Please, pretty please. Do you respond better to yelling or to gentle prodding? That's the debate raging through the music industry. Web Sheriff, a London-based outfit that tries to stop music piracy, goes with the kid-glove approach. "We would kindly ask you not to post pirated copies of 'Born This Way' on your site," Web Sheriff told consumers who bought Lady Gaga's latest. The warning added that "the label, management and artist would greatly appreciate your cooperation.... Thank you for respecting the artist's and label's wishes." Founded by John Giacobbi, Web Sheriff's approach is a huge shift from the "get off my lawn" tactics most in the industry prefer. The Los Angeles Times looks at how the kinder, gentler approach is working.

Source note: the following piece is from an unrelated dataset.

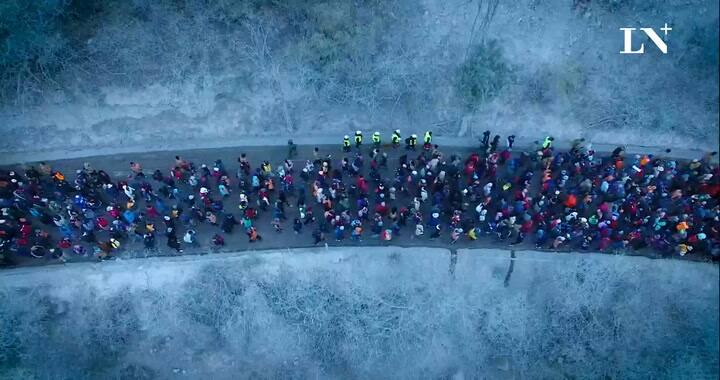 La llegada de los peregrinos a la Fiesta del Milagro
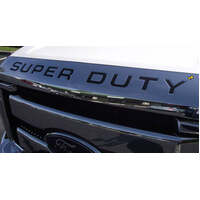 2008-16 Ford F250/350/450 'Super Duty' Grilel Embossed Letters - Black Reflective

No more G4? Comcast is shopping G4, its low-rated cable network built around the video game culture, people familiar with the matter told the Wall Street Journal. These people, who happen to be familiar with the matter, said that Ultimate Fighting Championship, the outfit that puts on those no-holds-barred bouts, is interested in taking control of the network. The talks, some of the people familiar with the matter said, are serious. Other people who also happen to be familiar with the matter said it is still too early to determine how this will all play out. In a side note, people familiar with the matter said that the phrase "people familiar with the matter" should probably only be used once in a story that runs 11 paragraphs, not four times. Another person familiar with the matter cracked that "people familiar with the matter" often stands for corporate communications executives at the companies being written about.

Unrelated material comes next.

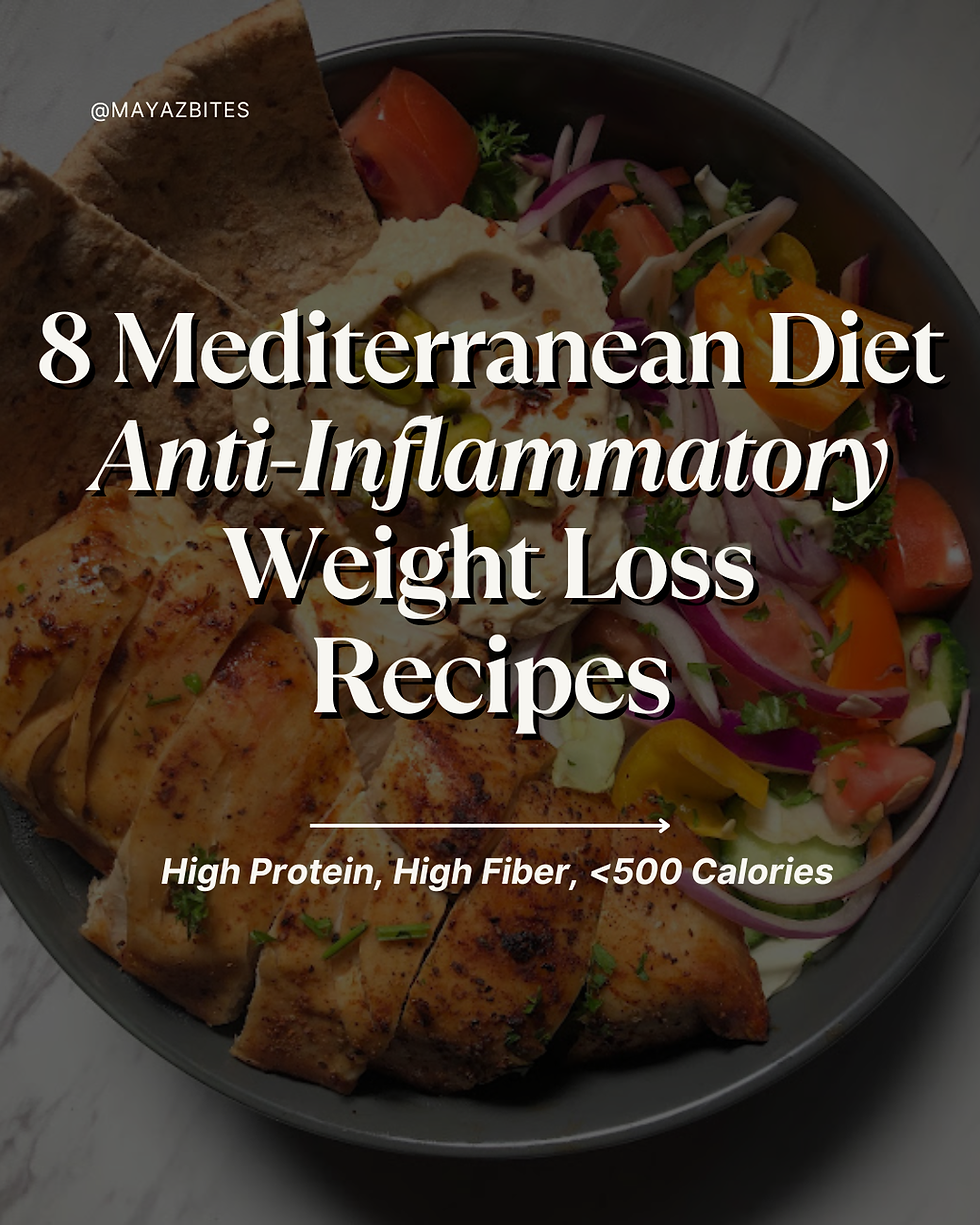 8 Mediterranean Diet Anti-Inflammatory Recipes For Sustainable Weight Loss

Shocking news. The Federal Communications Commission is releasing a report Thursday that says the amount and quality of local reporting has declined over the last several years. In particular, state and local government coverage has been greatly reduced, meaning there is less of a system of checks and balances. Of course, anyone who has watched their local news for the last 25 years could have told you that. More on the report from the New York Times and the Associated Press. By the way, the report was once called "The Future of Media" but apparently that didn't test well with focus groups and the new name is the much sexier "The Technology & Information Needs of Communities." Yeah, that will get people talking.

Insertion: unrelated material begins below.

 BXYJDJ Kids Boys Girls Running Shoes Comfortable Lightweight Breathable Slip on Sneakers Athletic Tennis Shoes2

Legendary journey. Legendary Pictures, the folks behind "The Hangover" franchise, are going to produce movies in China through a joint venture with Huayi Brothers Media Corp., a publicly traded entertainment conglomerate in China. China has tight restrictions on how many foreign films it allows in the country every year, but if a movie is made in China, that's a different story. Clever! More from the Los Angeles Times and Deadline Hollywood.
Tattoo this! Warner Bros. may alter the Mike Tyson-style tattoo on the character played by Ed Helms in "The Hangover 2" for the DVD release of the comedy hit, according to the Hollywood Reporter. Remember, while a court ruled that Warner Bros. could release the movie as scheduled despite a copyright suit brought on by the tattoo artist who did Tyson's face, it didn't say that the inkster didn't have a case and the dispute is still going on.
Inside the Los Angeles Times: Legendary sitcom writer and "Mad Libs" co-creator Leonard Stern died at the age of 88. John Horn on the marketing of J.J. Abrams' "Super 8" and Kenneth Turan with a review. One of Rupert Murdoch's top aides, News Corp. General Counsel Lon Jacobs, is leaving the company.